Na actualidade, a dupla possui uma audiência transgeracional, embora Karl Hyde diga que essa sensação não é nova. Existem razões específicas para o explicar, que ele reenvia para o ambiente à volta do grupo. “Quando começámos a tocar ao vivo, nos anos 1990, a maior parte das pessoas da assistência era mais velha do que nós. Sentíamos que tocávamos para pessoas que foram encontrar na nossa música de dança a esperança que havia sido perdida na ressaca da contracultura dos anos 1960”, diz ele, para de seguida apontar razões mais genéricas.

“Se pensarmos bem, desde o período disco nos anos 1970, a idade e a forma como as pessoas se vestiam nunca foram uma questão central na música de dança. Havia interesse pela música e pela celebração e ponto final. E hoje sinto o mesmo, embora por vezes me surpreenda por perceber que ainda somos tão populares para grupos de pessoas muito diferentes."
 
Além da recriação
Na definição do espectáculo especial que os Underworld vão levar ao Primavera Sound existiram desafios importantes. Por um lado desejavam uma ligação à sonoridade original do álbum, por outro não queriam perder o sentido de improviso que os define em palco. O equilíbrio entre essas duas dimensões não foi fácil de concretizar, diz-nos Karl Hyde. 

“Gosto de espectáculos onde exista muito espaço para a improvisação. O que acontece neste caso é que tentamos cantar e tocar o mais próximo possível do que se ouve no disco, o que acaba por ser uma experiência nova para nós. É um desafio, porque a tentação é improvisar. Mas o resultado final acaba por ser mais do que uma mera recriação sonora. Esse balanço não é fácil. Para mim, pessoalmente, é muito exigente, porque tenho imenso que fazer”, ri-se ele. Ao longo dos anos ficou conhecido por colocar um grande empenho físico nas suas prestações, dançando e incentivando o público, mas neste modelo é mais sóbrio, afirma. “Tenho de me concentrar muito”, justifica. “Tenho de ter atenção redobrada, porque toco guitarra e baixo e estou sempre metido entre pedais.”
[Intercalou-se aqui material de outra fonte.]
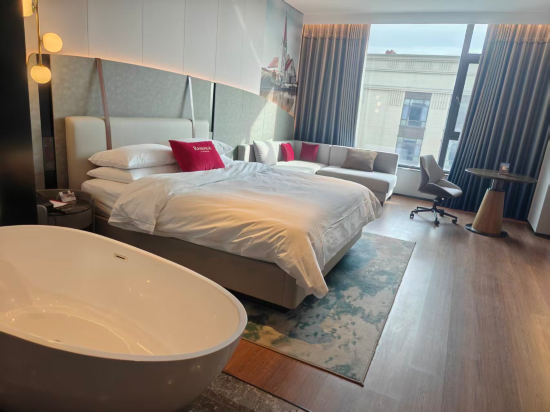 青島膠東國際機場華美達飯店優惠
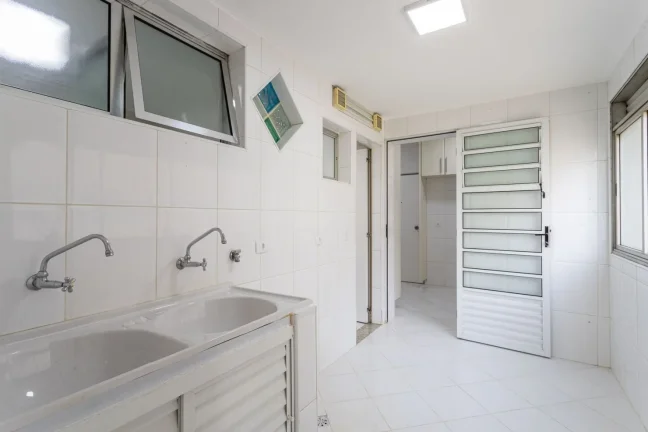 Imagem Apartamento 137M² Reformado, 3Q, 1 Suíte, 2 Banheiros, 1 Vaga, Sol da Manhã, Banheira, Academia, Salão de Festas, Área Verde, Armários.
Quando lhe perguntamos sobre o restante cartaz do festival, diz que ainda não olhou para ele com cuidado, mas tem uma certeza: “Quero ver a Patti Smith! É uma das minhas heroínas. Existem poucos artistas relativamente aos quais consigo olhar para o todo da sua obra e vida e reconhecer-me nele. No caso dela, isso acontece. E com Neil Young,  Miles Davis ou Picasso também. Neles encontro essa contínua vontade de reinvenção e de procura. E isso é muito inspirador.”

O nome de Picasso está longe de constituir um acaso. A cultura visual não é um passatempo na vida de Karl Hyde. Tem formação em artes e continua a expor – pintura, desenhos, instalações vídeo – com regularidade, para além de durante anos ter sido um dos responsáveis pela Tomato, um colectivo de arte e design aplicado às novas tecnologias.

“Tudo o que tenha a ver com criatividade me interessa, de videojogos à pintura clássica. Vivemos num tempo onde tudo é possível, basta estarmos disponíveis para perceber o que se passa à volta”, afirma, ao mesmo tempo que lhe perguntamos como foi trabalhar com Brian Eno em dois surpreendentes álbuns lançados em parceria o ano passado (Someday World e High Life). “É outra alma irrequieta!”, ri-se, “e só podia ter sido uma experiência gratificante. Aprende-se muito com ele. Tem sempre um outro olhar sobre as coisas que te faz pensar nelas de forma diferente e isso é incrível.”

Ao longo da conversa, Karl Hyde é sempre assim, luminoso, capaz de percepcionar os ângulos mais positivos da realidade. Falámos com ele manhã cedo, entre viagens. Arriscámos que provavelmente andar em digressão o aborrece, mas a resposta veio exactamente na mesma toada. “Nem pensar! Gosto de ser estimulado por novas paisagens, novas cores e novos sons. Fotografo e escrevo todos os dias no meu blogue – gosto dessa disciplina que pratico diariamente há 15 anos – e tento que todas essas experiências possam ser integradas nos meus desenvolvimentos criativos ou em novas situações. Por isso, andar à volta do mundo, mesmo desta forma, é uma oportunidade fantástica!”